In a fourth aspect, the present application further provides a circuit system. The circuitry may be one or more chips, such as a system-on-a-chip (SoC). The circuit system includes: at least one processing circuit; the at least one processing circuit is configured to execute the first aspect of the embodiments of the present application and any one of the possible designs of the first aspect of the embodiments of the present application.

In a fifth aspect, embodiments of the present application further provide an electronic device, where the electronic device includes a module/unit that performs the method of the first aspect or any one of the possible designs of the first aspect; these modules/units may be implemented by hardware, or by hardware executing corresponding software.

In a sixth aspect, an embodiment of the present application further provides a computer-readable storage medium, where the computer-readable storage medium includes a computer program, and when the computer program runs on an electronic device, the electronic device is enabled to execute a technical solution of any one of the first aspect of the present application and the first aspect of the present application as designed.

In a seventh aspect, a program product in the embodiments of the present application includes instructions, and when the program product runs on an electronic device, the electronic device is enabled to execute the technical solution of the first aspect and any possible design of the first aspect of the embodiments of the present application.

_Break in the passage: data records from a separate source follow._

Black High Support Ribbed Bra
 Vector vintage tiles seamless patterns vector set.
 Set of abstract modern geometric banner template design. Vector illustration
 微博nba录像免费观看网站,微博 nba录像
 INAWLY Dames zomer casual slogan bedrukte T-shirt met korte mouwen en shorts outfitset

In addition, the beneficial effects of the second to seventh aspects can be seen from the beneficial effects of the first aspect, and are not described herein again.

Drawings

Fig. 1A is a schematic diagram of recording an unlocking voice of an electronic device according to an embodiment of the present application;

fig. 1B is one of unlocking schematic diagrams of an electronic device according to an embodiment of the present application;

fig. 1C is one of the unlocking schematic diagrams of the electronic device provided in the embodiment of the present application;

fig. 2 is a schematic hardware structure diagram of an electronic device according to an embodiment of the present disclosure;

fig. 3 is a schematic diagram of a software structure of an electronic device according to an embodiment of the present application;

FIG. 4 is a schematic flowchart of training a voiceprint feature model according to an embodiment of the present application;

fig. 5A is a schematic view of recording an unlocking voice of an electronic device according to an embodiment of the present application;

fig. 5B is a schematic view of recording an unlocking voice of an electronic device according to an embodiment of the present application;

FIG. 6 is a schematic flow chart illustrating fusion of voiceprint features provided by an embodiment of the present application;

fig. 7 is an exemplary flowchart of an electronic device unlocking method provided in an embodiment of the present application;

fig. 8A is one of unlocking schematic diagrams of an electronic device according to an embodiment of the present application;

fig. 8B is one of unlocking schematic diagrams of an electronic device according to an embodiment of the present application;

fig. 9 is one of unlocking schematic diagrams of an electronic device according to an embodiment of the present application;

fig. 10 is one of unlocking schematic diagrams of an electronic device according to an embodiment of the present application;

fig. 11A is one of unlocking schematic diagrams of an electronic device according to an embodiment of the present application;

fig. 11B is a schematic diagram of an electronic device lock provided in an embodiment of the application;

fig. 12 is one of unlocking schematic diagrams of an electronic device according to an embodiment of the present application;

fig. 13 is one of unlocking schematic diagrams of an electronic device according to an embodiment of the present application;

fig. 14 is one of unlocking schematic diagrams of an electronic device according to an embodiment of the present application;

fig. 15 is an exemplary flowchart of an electronic device unlocking method provided in an embodiment of the present application;

fig. 16 is a scene schematic diagram of unlocking an electronic device according to an embodiment of the present application;

fig. 17 is a block diagram of an electronic device provided in an embodiment of the present application.

Detailed Description

Currently, terminal devices can be unlocked using faces, irises, fingerprints, or voices. The sound unlocking process comprises the following steps:

referring to fig. 1A, a user may record a segment of unlocking voice in advance, and the terminal device may obtain a voiceprint feature of the user according to the unlocking voice recorded by the user and store the voiceprint feature. When the user needs to unlock the terminal device, referring to fig. 1B, the user may input the unlocking voice, and the terminal device may obtain the voiceprint feature according to the unlocking voice. The terminal device may compare the acquired voiceprint features with the stored voiceprint features, determine to unlock when the acquired voiceprint features are consistent with the stored voiceprint features, and present a main interface to the user, where the main interface includes a plurality of application icons, as specifically shown in fig. 1B.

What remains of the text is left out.